A lot of your question is more of a rant than an actual question but I am somewhat sympathetic. In my decades of experience with development, I have found documentation that is useful but I've also seen a lot that was useless at best and often misleading.

If the proofs are written badly or unclear, we usually go ask someone or the proof author for clarifications.

What if they are not available? Much of my coding career has been spent working with code written by people who moved on years ago. Even if they are around, they might not remember. A standard programmer joke/experience is "Who wrote this garbage? [git blame], Oh, right. It was me."

Does there need to be an English explanation for every line of code etc.

No. This is stupid. If someone tells you this, you can safely ignore their advice on coding. This might make some sense if you were coding in assembly or some other really low-level language but there's no real good reason to do this in real production code using any popular contemporary language. I do see this in things like tutorials where the main point is to teach. This might give some people the impression that it's what they should always be doing, perhaps.

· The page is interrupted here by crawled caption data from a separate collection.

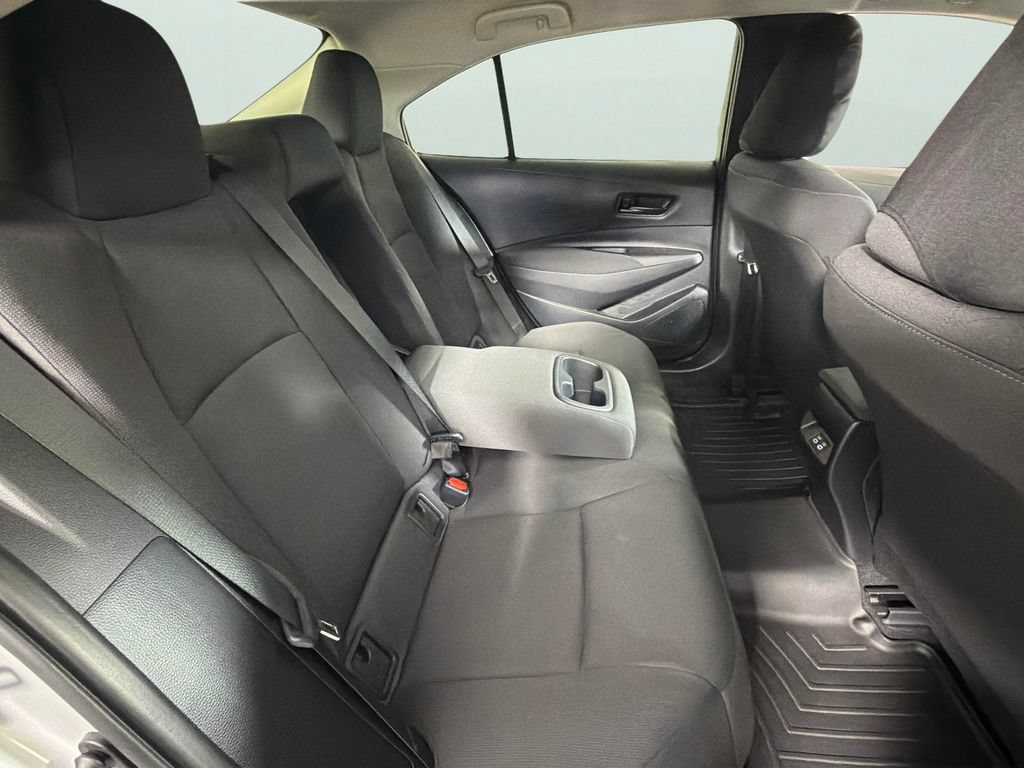 Used 2026 Toyota Corolla LE FWD image 29
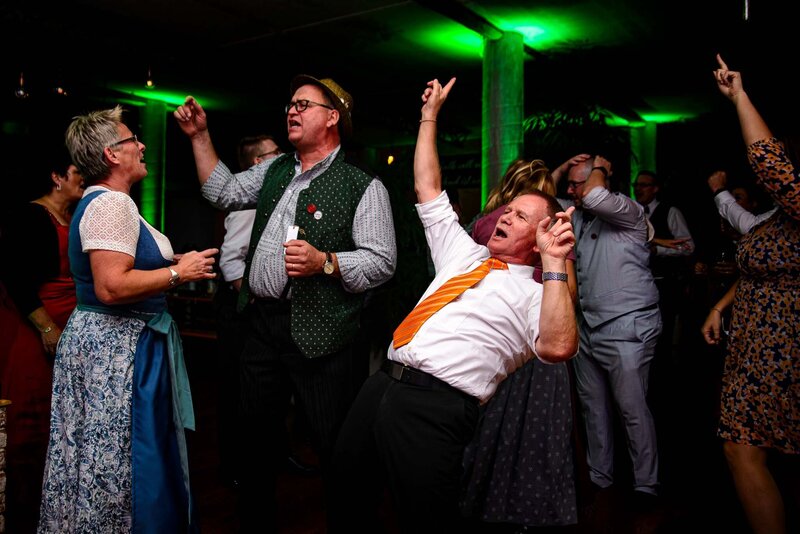 Hochzeitsfeier freunde und verwandte tanzen wild auf der party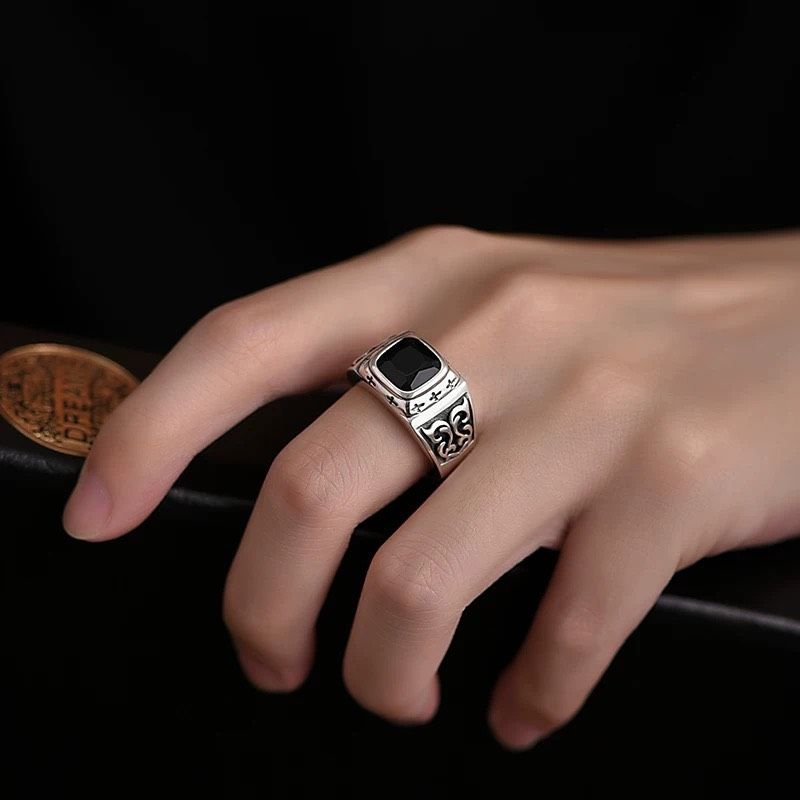  Nhẫn Đá Quý Nam Sang Trọng - Đẳng Cấp Và Tinh Tế BK-ST-003900-VN-0141 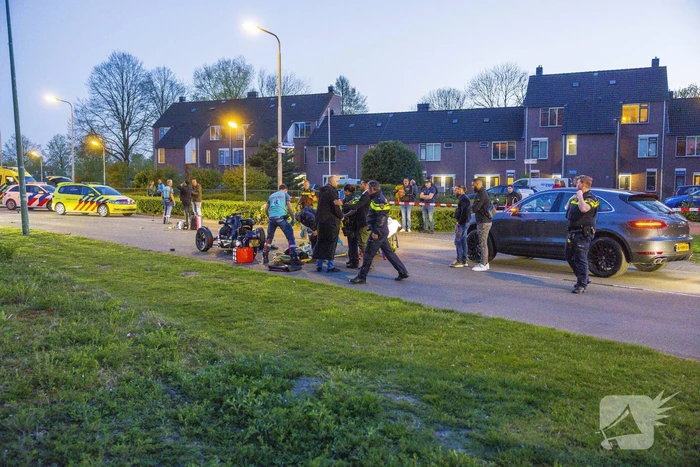 Driewielmotor op de kop na botsing met lantaarnpaal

I actually think this is very bad practice. Commenting every bit of code is not only costly but such comments tend to be misleading if not outright wrong. They clutter up the code with a bunch of noise IMO. I tend to ignore trivial comments and delete them when I can.

How do I know what is good documentation versus bad documentation, etc.

To start, understand that there are many types of documentation for systems. The primary distinction I would make is that there are comments or inline documentation and there are separate documents which explain various things about a system including (but not limited to) data models, networking diagrams, tutorials, design descriptions, change notes, API specs, and requirements. I agree with the view that unit tests are a form of documentation. Developers are usually mostly responsible for inline documentation and unit tests but may be involved in some of the other forms of documentation. A person who spends a good part of their time creating designs is typically referred to as an 'architect'.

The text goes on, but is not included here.